Heat the olive oil in a large non-stick skillet on medium-high flame. Saute the garlic until it begins to color. Turn the heat up and add the shrimp. Do not move the shrimp for 1 minute. Stir in the sherry, piment, and a squeeze of lemon juice. Stir the shrimp. The shrimp is finished when no longer translucent, about 2-3 minutes. Remove from heat. Salt to taste and serve immediately.



one 5 oz. bag of high-quality salted potato chips
9-10 eggs
olive oil

Heat the oven to 400. Crush the potato chips in their bag. Empty the bag into a large bowl with the eggs and mix well. Let this sit for 10-15 minutes. On medium flame, heat a few tablespoons of olive oil in a 6-inch non-stick skillet with some depth (such as a French skillet). Pour the potato-egg mixture in to the brim and lower the temperature. Cook until the edges begin to firm up and turn golden. Transfer the skillet to the oven. It is ready when the omelet is firm in the center, about 10 minutes. Carefully flip it out of the pan onto a plate.



olive oil
2 large handfuls of ramp leaves*
(when not in season, use spinach)
1/4 cup of toasted pine nuts
1/4 cup of raisins
sea salt

Heat several tablespoons of olive oil on medium high.
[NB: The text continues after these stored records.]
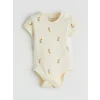 LCW baby Ekru Baskılı Erkek Bebek Çıtçıtlı Body 3lü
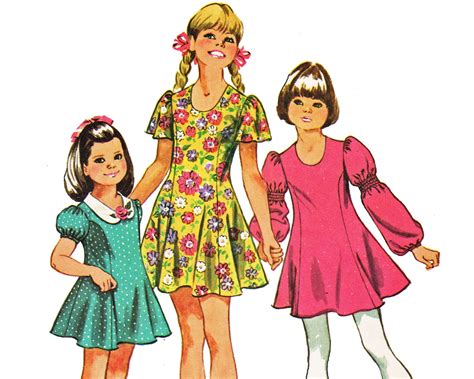 Retro 70s Girls Mini Dress Pattern Size 14 Sewing Pattern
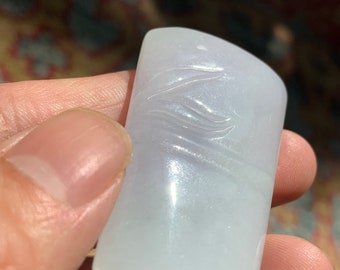 Colgante de jadeíta de bambú de la suerte y lavanda, 100 % natural, grado A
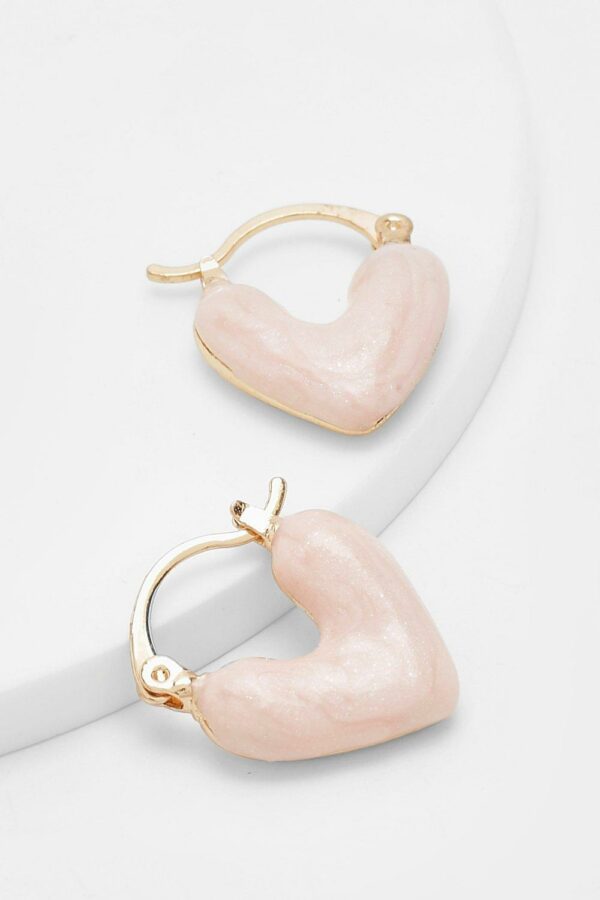 Womens Resin Heart Shaped Earrings - Pink - One Size, Pink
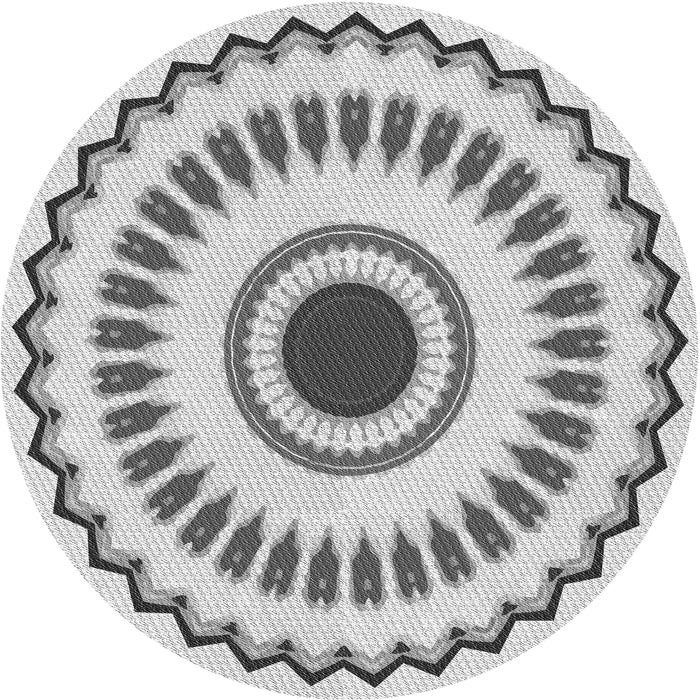 Round Machine Washable Transitional Platinum Gray Rug, wshpat1947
When the oil is hot, add the ramp leaves and saute for a minute. Add the pine nuts and raisins and saute for another minute or two. Remove from heat and add sea salt to taste.


5 thoughts on “SMALL PLATE ANXIETY

  1. tortilla espanola! yea, i made it for a church potluck on easter…wished i had known about the potato chip trick earlier ;D

    yummy yummy.

    “My small plate anxiety endures to this day (I’m in good company). With the exception of dim sum,” <–tim would totally agree with you on this one. ( yay they get to charge you a lot for a little portion of food! 😀 )

    mm…ramps! what if you grilled them first?

    great pictures as usual.

      1. hmm…what if you mimicked the smoking using a wok? Our friend (whose father/FIL was a chef) used flour, sugar, and tea leaves (i think that’s it..) to make some “smoked” salmon. experimentation time, mayhaps?!